WHAT YOU ARE ASKED TO DO:
Pull each line holding the word "Pack" from the data.

-- DATA PROVIDED follows --

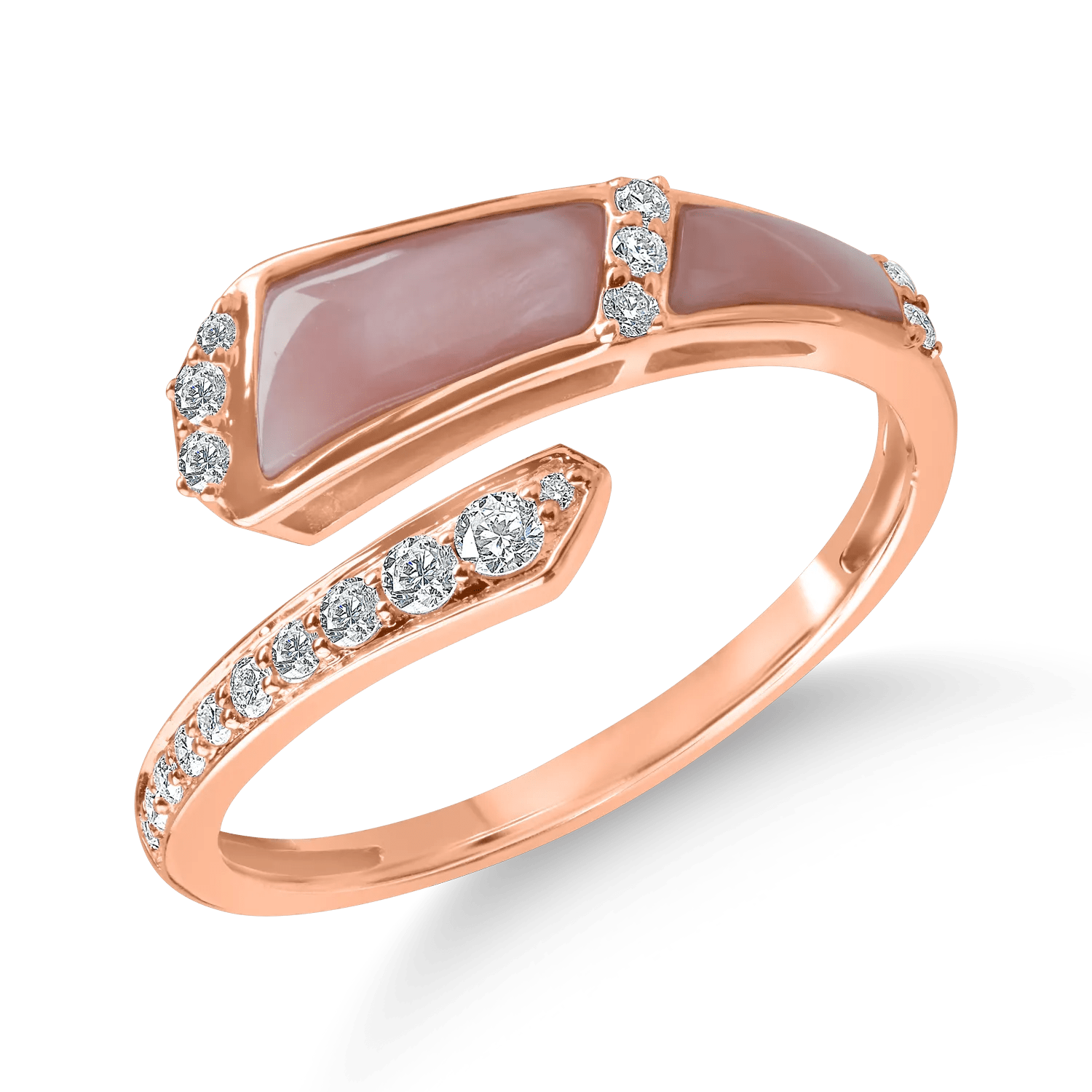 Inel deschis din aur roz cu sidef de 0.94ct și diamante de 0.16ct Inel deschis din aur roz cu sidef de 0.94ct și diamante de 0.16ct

-- DATA PROVIDED concluded --
-- DATA PROVIDED follows --

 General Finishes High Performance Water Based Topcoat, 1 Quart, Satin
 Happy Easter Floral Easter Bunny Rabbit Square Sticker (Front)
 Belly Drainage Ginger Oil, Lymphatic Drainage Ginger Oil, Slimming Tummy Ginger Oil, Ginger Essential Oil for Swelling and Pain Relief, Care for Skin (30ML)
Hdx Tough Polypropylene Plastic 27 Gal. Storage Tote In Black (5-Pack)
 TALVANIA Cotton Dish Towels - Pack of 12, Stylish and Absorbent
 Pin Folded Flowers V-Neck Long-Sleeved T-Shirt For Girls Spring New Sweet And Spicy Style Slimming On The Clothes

-- DATA PROVIDED concluded --

FINISHED TASK:
Hdx Tough Polypropylene Plastic 27 Gal. Storage Tote In Black (5-Pack)
 TALVANIA Cotton Dish Towels - Pack of 12, Stylish and Absorbent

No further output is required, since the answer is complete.